+++ GIVEN ENTRIES +++

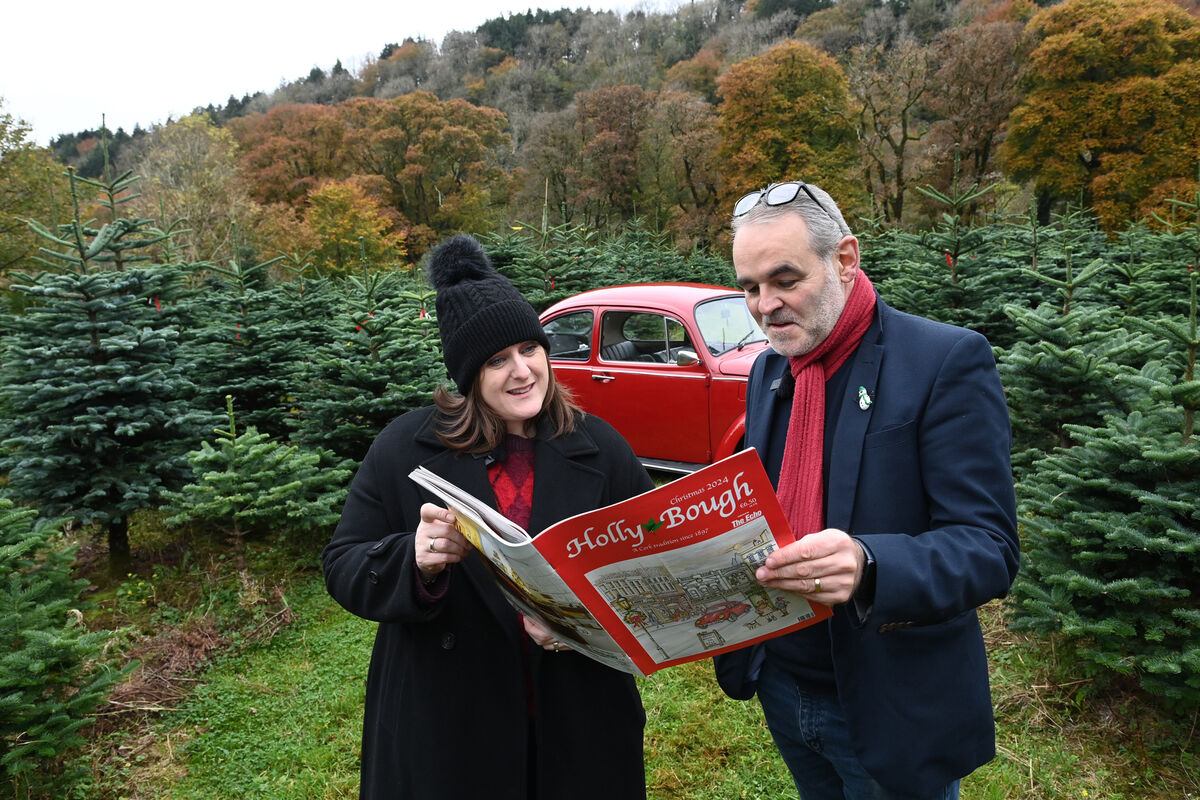 Mary Corcoran, Editor, Holly Bough with artist Peter Buckley who is this year's cover art creator, with his red Volkswagen VW Beetle car which is featured in the artwork, pictured at Inniscarra Christmas Tree Farm. Pic Larry Cummins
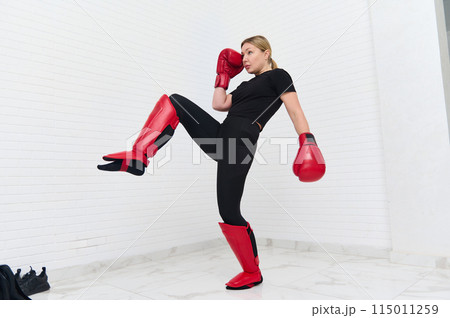 European blonde young kickboxing woman in black activewear and red kickboxing gloves, isolated white background performing martial arts kick. Sport exercise, fitness and workout. Full length portrait European blonde young kickboxing woman in black activewear and red kickboxing gloves, isolated white background performing martial arts kick. Sport exercise, fitness and workout. Full length portrait 115011259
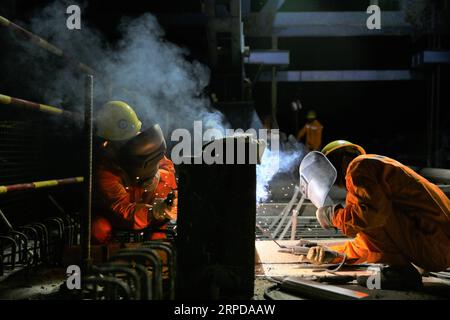(190728) -- LUANG PRABANG, July 28, 2019 -- Chinese engineers weld on the Luang Prabang Mekong River Super Major Bridge in the north of the Luang Prabang Ancient Town, a world heritage, some 220 km north of the Lao capital Vientiane, July 27, 2019. With the concrete beam of the last span over Mekong River put in place, the main section of Luang Prabang cross-Mekong River railway bridge has been completed on Sunday, seven months ahead of schedule. The closure of the Luang Prabang Mekong River Super Major Bridge, one of the two cross-Mekong bridges along the China-Laos Railway, indicated that th Stock Photo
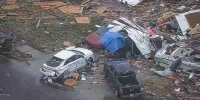 An aerial view of damaged cars surrounded by debris on the road and a lawn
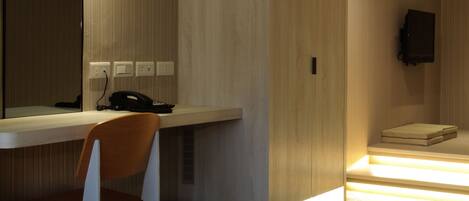 Een moderne hotelkamer met een houten bureau, een stoel, een bed, een televisie en een kleine prullenbak.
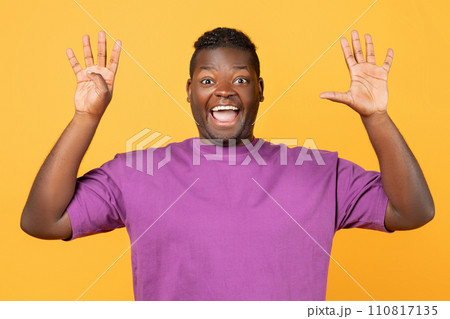 Excited African man raising both hands showing number nine, studio Excited African man raising both hands showing number nine, studio 110817135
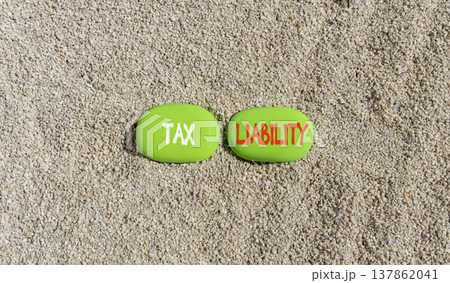 Tax liability words symbol. Concept words Tax liability on beautiful green stones. Beautiful sand background. Business and Tax liability words concept. Copy space. 137862041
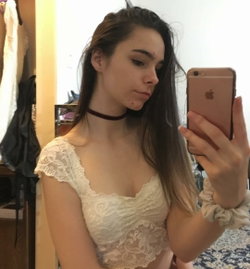 Slim woman with long brown hair takes a selfie in a white lace top and choker.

+++

EXERCISE OBJECTIVE: Every line from the top of the material above through the line with "length portrait 115011259" should be duplicated exactly, please; leave out the pictures.

THE ANSWER:
 Mary Corcoran, Editor, Holly Bough with artist Peter Buckley who is this year's cover art creator, with his red Volkswagen VW Beetle car which is featured in the artwork, pictured at Inniscarra Christmas Tree Farm. Pic Larry Cummins
 European blonde young kickboxing woman in black activewear and red kickboxing gloves, isolated white background performing martial arts kick. Sport exercise, fitness and workout. Full length portrait European blonde young kickboxing woman in black activewear and red kickboxing gloves, isolated white background performing martial arts kick. Sport exercise, fitness and workout. Full length portrait 115011259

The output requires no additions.